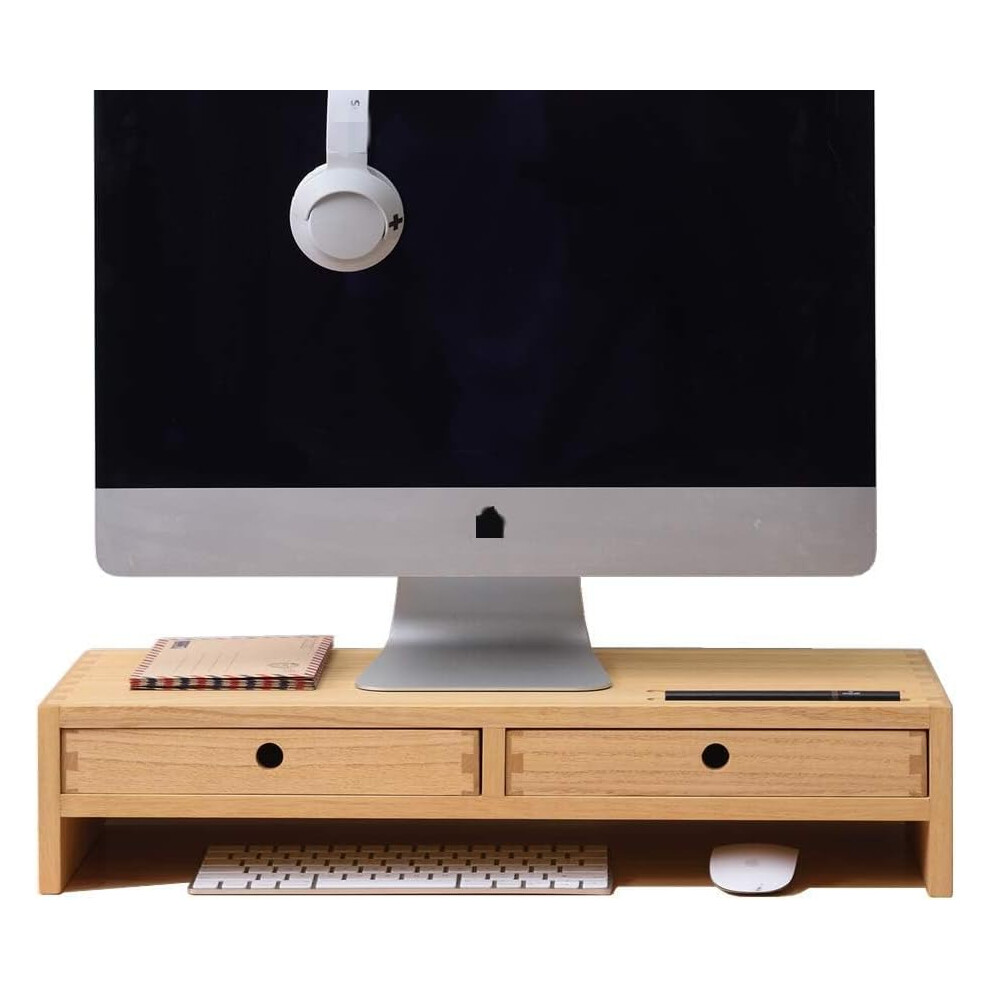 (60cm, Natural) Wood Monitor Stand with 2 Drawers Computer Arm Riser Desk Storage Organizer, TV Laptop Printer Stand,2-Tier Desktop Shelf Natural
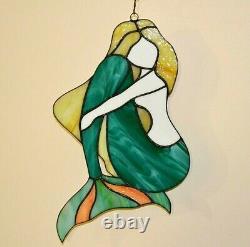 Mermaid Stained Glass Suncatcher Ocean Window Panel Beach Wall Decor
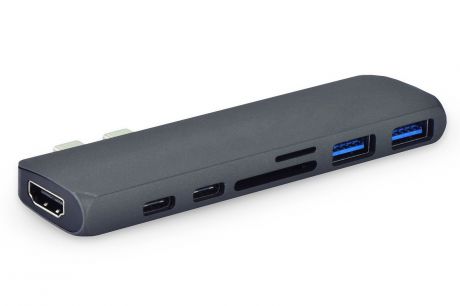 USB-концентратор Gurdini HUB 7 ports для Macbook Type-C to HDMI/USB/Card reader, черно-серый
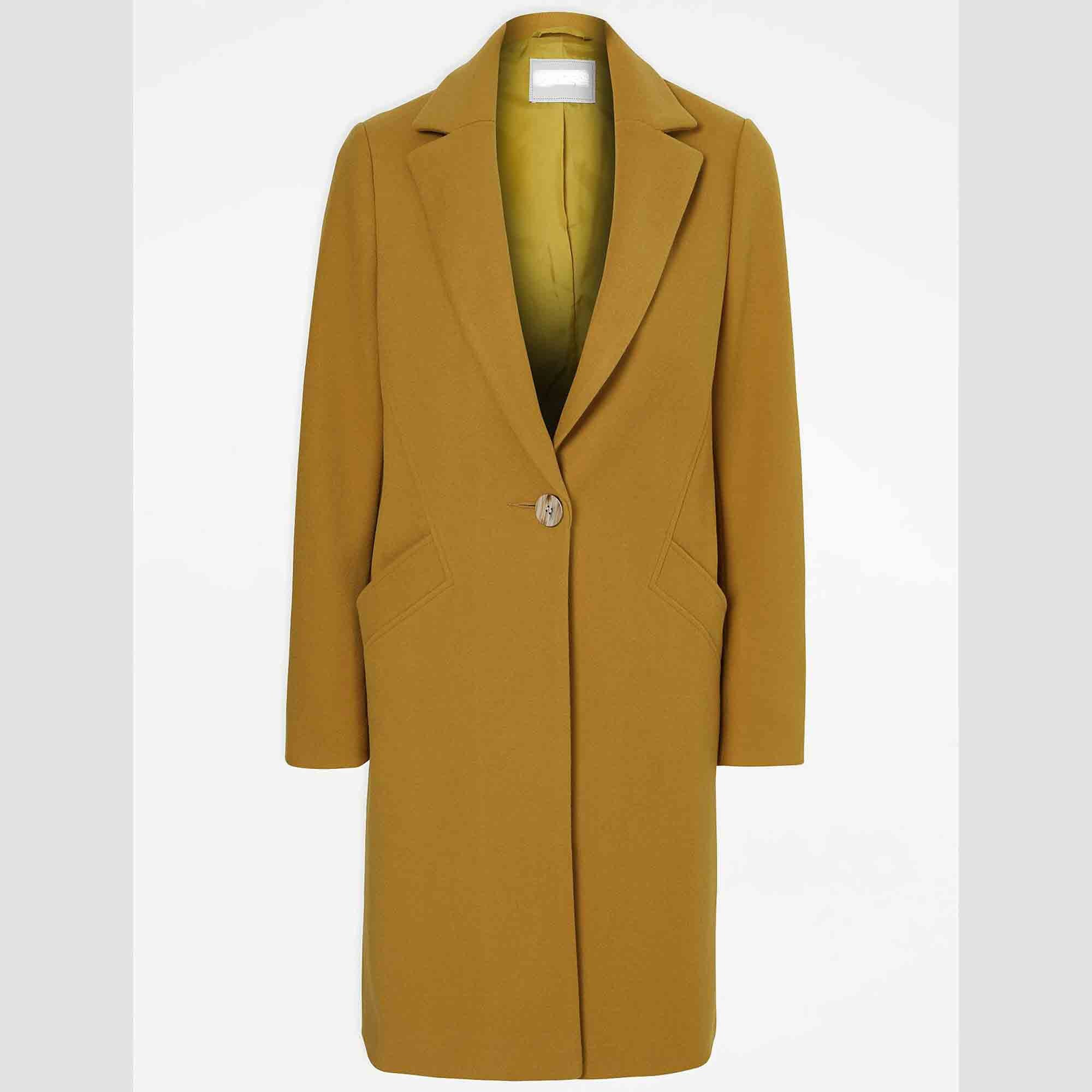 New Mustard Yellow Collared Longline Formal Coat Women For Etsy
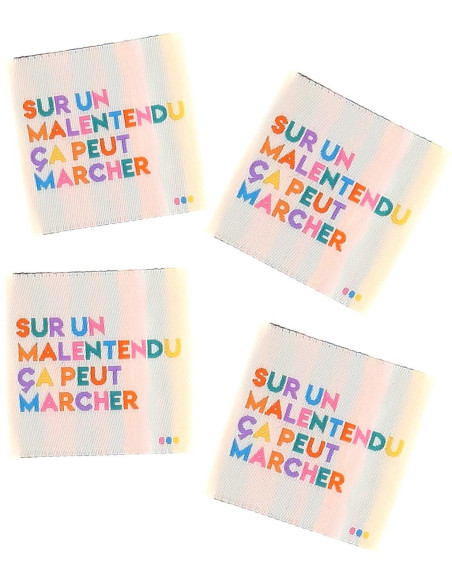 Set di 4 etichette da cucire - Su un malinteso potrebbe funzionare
━━━━━━
Required work → From top to bottom, restate the records above exactly and omit every picture.

Output for this exercise →
 (60cm, Natural) Wood Monitor Stand with 2 Drawers Computer Arm Riser Desk Storage Organizer, TV Laptop Printer Stand,2-Tier Desktop Shelf Natural
 Mermaid Stained Glass Suncatcher Ocean Window Panel Beach Wall Decor
 USB-концентратор Gurdini HUB 7 ports для Macbook Type-C to HDMI/USB/Card reader, черно-серый
 New Mustard Yellow Collared Longline Formal Coat Women For Etsy
 Set di 4 etichette da cucire - Su un malinteso potrebbe funzionare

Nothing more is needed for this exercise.